**Exercise instructions:**
Please reproduce all the data exactly as written and omit the pictures.

━━━━━━━━━━

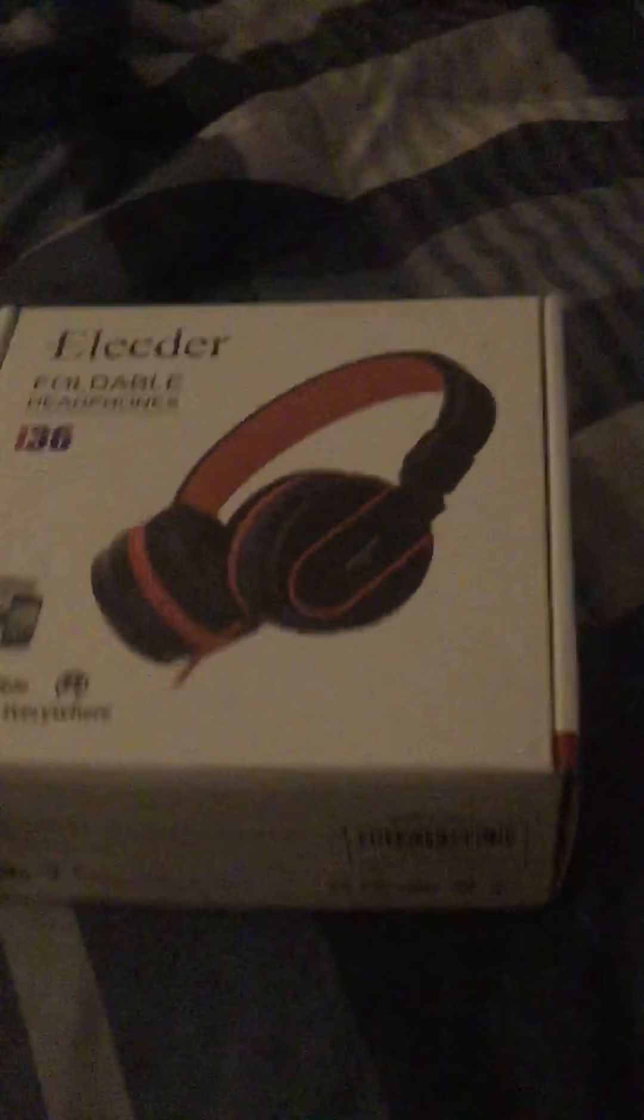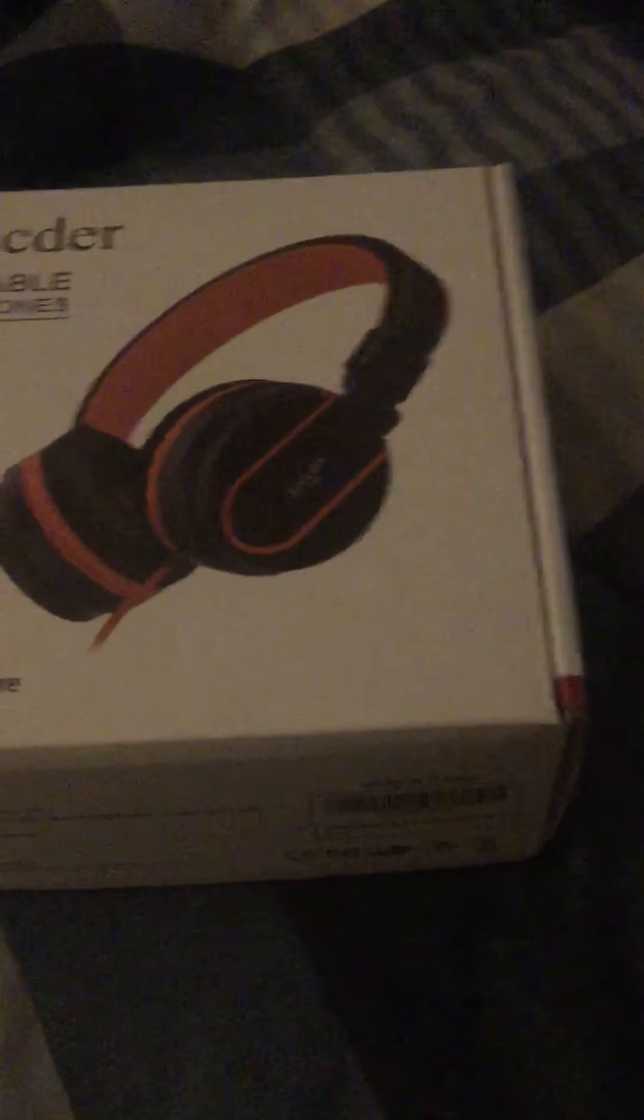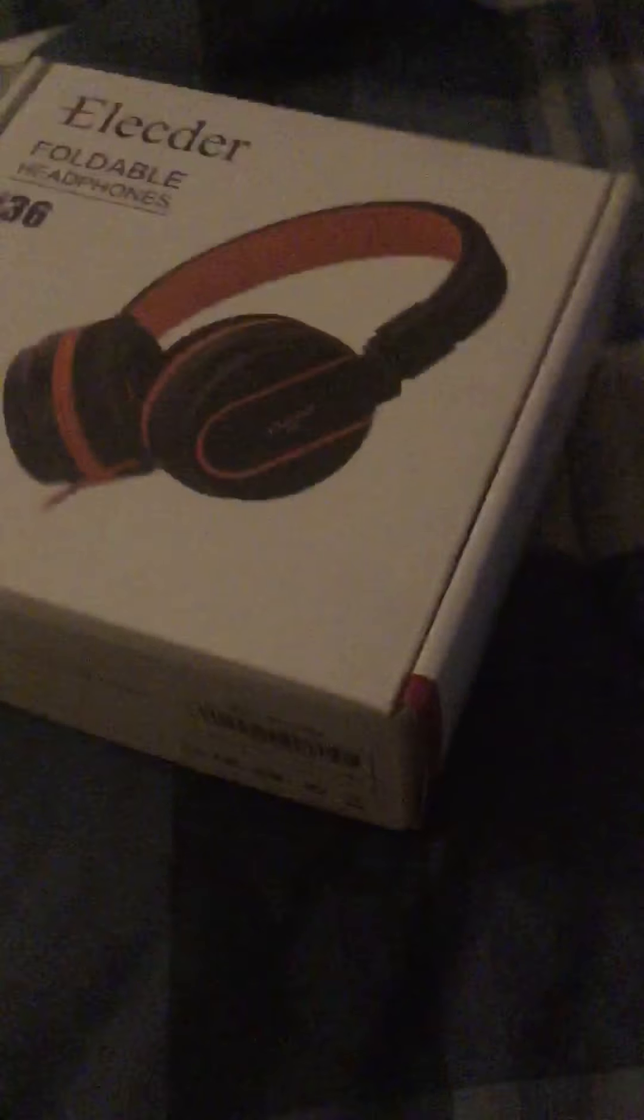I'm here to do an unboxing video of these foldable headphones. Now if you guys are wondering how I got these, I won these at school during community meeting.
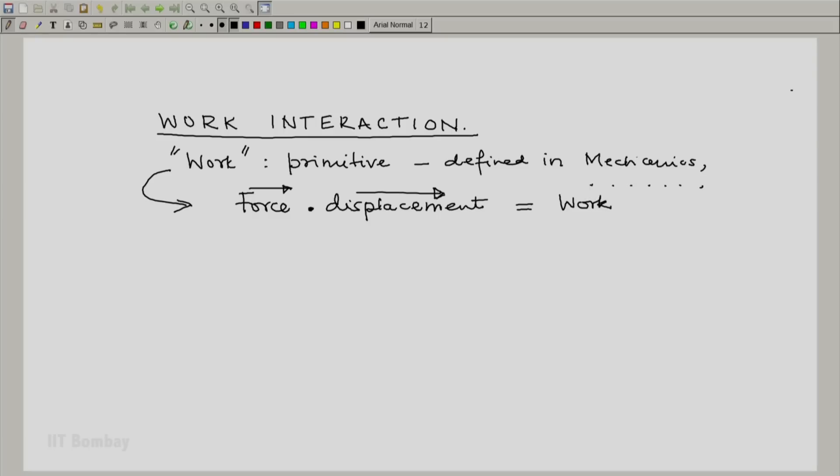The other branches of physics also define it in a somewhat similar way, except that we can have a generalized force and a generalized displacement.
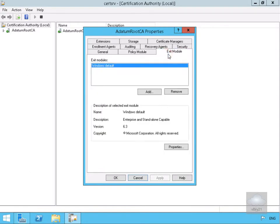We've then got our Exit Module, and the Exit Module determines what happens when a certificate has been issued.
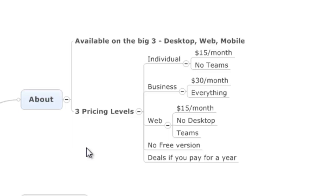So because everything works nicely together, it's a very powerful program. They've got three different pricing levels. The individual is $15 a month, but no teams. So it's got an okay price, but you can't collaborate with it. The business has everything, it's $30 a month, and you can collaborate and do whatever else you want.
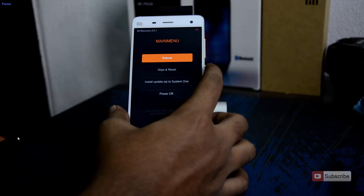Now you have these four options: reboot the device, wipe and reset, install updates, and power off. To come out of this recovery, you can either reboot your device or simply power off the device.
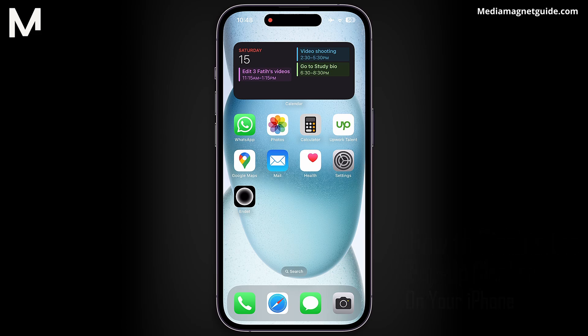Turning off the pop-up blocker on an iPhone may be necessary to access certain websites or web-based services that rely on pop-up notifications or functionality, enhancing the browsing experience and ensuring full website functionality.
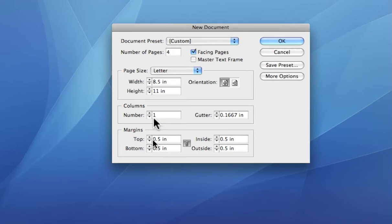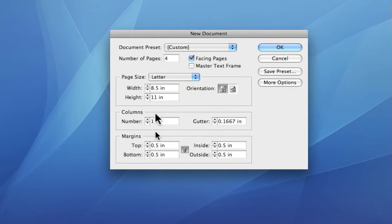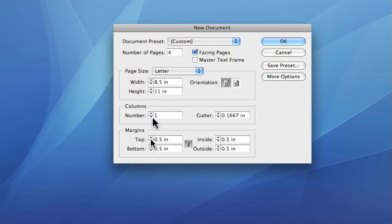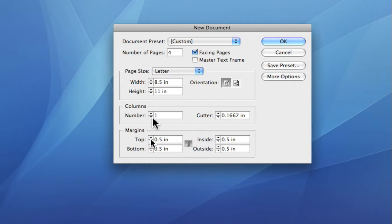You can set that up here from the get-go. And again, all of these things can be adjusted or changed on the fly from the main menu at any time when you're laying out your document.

━━━━━━━━━━

**Answer area:**
I'm here to do an unboxing video of these foldable headphones. Now if you guys are wondering how I got these, I won these at school during community meeting.
The other branches of physics also define it in a somewhat similar way, except that we can have a generalized force and a generalized displacement.
We've then got our Exit Module, and the Exit Module determines what happens when a certificate has been issued.
So because everything works nicely together, it's a very powerful program. They've got three different pricing levels. The individual is $15 a month, but no teams. So it's got an okay price, but you can't collaborate with it. The business has everything, it's $30 a month, and you can collaborate and do whatever else you want.
Now you have these four options: reboot the device, wipe and reset, install updates, and power off. To come out of this recovery, you can either reboot your device or simply power off the device.
Turning off the pop-up blocker on an iPhone may be necessary to access certain websites or web-based services that rely on pop-up notifications or functionality, enhancing the browsing experience and ensuring full website functionality.
You can set that up here from the get-go. And again, all of these things can be adjusted or changed on the fly from the main menu at any time when you're laying out your document.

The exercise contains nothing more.